---------- Data to use ----------

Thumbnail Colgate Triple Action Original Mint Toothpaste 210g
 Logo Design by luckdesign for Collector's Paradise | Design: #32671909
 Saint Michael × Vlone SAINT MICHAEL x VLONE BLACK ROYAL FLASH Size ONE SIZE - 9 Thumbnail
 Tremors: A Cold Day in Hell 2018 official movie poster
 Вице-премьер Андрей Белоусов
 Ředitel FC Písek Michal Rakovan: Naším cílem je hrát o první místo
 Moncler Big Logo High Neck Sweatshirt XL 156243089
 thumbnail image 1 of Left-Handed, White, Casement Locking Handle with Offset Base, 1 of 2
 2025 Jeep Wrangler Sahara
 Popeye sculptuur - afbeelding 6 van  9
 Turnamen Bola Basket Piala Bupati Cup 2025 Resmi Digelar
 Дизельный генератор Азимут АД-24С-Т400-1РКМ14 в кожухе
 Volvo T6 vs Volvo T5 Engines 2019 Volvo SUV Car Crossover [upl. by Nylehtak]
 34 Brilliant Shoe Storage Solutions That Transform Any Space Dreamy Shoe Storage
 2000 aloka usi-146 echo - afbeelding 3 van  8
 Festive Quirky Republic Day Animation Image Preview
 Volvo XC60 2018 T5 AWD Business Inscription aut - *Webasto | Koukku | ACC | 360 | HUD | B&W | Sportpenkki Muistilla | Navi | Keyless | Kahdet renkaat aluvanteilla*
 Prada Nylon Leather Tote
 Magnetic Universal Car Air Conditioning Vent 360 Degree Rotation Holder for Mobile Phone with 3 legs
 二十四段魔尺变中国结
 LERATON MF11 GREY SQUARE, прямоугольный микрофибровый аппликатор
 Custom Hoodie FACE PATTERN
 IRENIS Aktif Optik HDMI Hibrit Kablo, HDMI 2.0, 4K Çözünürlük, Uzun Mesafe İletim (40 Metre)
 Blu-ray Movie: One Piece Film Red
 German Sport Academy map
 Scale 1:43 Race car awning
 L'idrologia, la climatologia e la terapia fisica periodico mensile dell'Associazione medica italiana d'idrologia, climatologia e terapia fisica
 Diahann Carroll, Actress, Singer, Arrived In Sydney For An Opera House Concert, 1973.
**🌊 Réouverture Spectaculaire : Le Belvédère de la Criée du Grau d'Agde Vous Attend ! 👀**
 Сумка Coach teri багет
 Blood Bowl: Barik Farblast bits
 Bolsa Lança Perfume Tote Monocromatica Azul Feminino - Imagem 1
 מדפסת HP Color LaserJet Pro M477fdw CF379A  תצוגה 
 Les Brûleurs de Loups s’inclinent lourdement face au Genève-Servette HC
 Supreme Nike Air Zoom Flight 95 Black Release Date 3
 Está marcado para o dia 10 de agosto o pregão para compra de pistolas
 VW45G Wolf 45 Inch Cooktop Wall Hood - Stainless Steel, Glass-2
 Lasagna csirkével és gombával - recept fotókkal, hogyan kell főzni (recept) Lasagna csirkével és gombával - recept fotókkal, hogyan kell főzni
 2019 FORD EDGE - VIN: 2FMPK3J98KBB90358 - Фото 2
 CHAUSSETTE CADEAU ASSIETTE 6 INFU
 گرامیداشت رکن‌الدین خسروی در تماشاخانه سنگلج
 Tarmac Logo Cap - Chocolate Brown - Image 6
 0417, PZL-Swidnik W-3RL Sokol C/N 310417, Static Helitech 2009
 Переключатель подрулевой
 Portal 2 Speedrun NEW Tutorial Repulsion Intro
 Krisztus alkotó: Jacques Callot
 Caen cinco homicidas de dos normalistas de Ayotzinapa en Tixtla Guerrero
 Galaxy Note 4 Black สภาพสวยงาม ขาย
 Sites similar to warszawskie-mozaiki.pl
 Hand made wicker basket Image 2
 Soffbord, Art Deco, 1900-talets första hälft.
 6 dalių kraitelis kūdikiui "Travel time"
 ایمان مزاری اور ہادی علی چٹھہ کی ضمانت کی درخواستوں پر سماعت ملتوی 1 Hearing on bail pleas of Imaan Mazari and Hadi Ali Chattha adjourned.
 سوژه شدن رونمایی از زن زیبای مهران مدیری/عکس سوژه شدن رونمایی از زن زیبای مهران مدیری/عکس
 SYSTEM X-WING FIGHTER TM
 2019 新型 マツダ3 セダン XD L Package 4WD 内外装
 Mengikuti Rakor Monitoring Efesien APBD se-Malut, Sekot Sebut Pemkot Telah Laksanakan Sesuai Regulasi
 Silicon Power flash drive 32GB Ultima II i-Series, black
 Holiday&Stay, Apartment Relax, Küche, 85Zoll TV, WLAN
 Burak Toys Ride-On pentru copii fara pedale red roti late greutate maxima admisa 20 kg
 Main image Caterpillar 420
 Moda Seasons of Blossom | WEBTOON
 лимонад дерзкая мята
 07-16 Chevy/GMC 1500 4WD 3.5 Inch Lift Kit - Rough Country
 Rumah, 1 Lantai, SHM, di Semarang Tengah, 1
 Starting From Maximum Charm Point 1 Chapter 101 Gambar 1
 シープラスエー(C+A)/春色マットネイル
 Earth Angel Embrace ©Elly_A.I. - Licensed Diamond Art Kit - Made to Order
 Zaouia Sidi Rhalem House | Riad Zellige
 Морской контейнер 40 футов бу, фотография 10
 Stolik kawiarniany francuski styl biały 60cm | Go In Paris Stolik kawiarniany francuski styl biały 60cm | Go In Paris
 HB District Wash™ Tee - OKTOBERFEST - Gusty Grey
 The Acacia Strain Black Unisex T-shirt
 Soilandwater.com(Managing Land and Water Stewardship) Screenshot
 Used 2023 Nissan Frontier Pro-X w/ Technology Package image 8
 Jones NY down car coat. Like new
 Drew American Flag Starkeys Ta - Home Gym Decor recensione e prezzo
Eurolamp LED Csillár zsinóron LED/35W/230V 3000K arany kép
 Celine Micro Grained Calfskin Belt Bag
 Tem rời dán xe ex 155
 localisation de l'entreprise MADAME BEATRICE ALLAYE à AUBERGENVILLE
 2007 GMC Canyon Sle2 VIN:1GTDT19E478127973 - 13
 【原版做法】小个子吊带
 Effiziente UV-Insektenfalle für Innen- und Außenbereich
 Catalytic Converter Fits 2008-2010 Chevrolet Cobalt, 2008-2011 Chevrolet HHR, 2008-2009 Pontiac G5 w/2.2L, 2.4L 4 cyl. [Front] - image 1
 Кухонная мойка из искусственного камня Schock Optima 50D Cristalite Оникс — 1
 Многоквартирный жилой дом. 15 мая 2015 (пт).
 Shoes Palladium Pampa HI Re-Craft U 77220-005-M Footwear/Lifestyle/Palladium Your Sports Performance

----------

• [Task objective] What you write should match, character for character, the lines from the one with "Zaouia Sidi Rhalem House | Riad Zellige" to the end of the data, both included.

• [Answer box]
 Zaouia Sidi Rhalem House | Riad Zellige
 Морской контейнер 40 футов бу, фотография 10
 Stolik kawiarniany francuski styl biały 60cm | Go In Paris Stolik kawiarniany francuski styl biały 60cm | Go In Paris
 HB District Wash™ Tee - OKTOBERFEST - Gusty Grey
 The Acacia Strain Black Unisex T-shirt
 Soilandwater.com(Managing Land and Water Stewardship) Screenshot
 Used 2023 Nissan Frontier Pro-X w/ Technology Package image 8
 Jones NY down car coat. Like new
 Drew American Flag Starkeys Ta - Home Gym Decor recensione e prezzo
Eurolamp LED Csillár zsinóron LED/35W/230V 3000K arany kép
 Celine Micro Grained Calfskin Belt Bag
 Tem rời dán xe ex 155
 localisation de l'entreprise MADAME BEATRICE ALLAYE à AUBERGENVILLE
 2007 GMC Canyon Sle2 VIN:1GTDT19E478127973 - 13
 【原版做法】小个子吊带
 Effiziente UV-Insektenfalle für Innen- und Außenbereich
 Catalytic Converter Fits 2008-2010 Chevrolet Cobalt, 2008-2011 Chevrolet HHR, 2008-2009 Pontiac G5 w/2.2L, 2.4L 4 cyl. [Front] - image 1
 Кухонная мойка из искусственного камня Schock Optima 50D Cristalite Оникс — 1
 Многоквартирный жилой дом. 15 мая 2015 (пт).
 Shoes Palladium Pampa HI Re-Craft U 77220-005-M Footwear/Lifestyle/Palladium Your Sports Performance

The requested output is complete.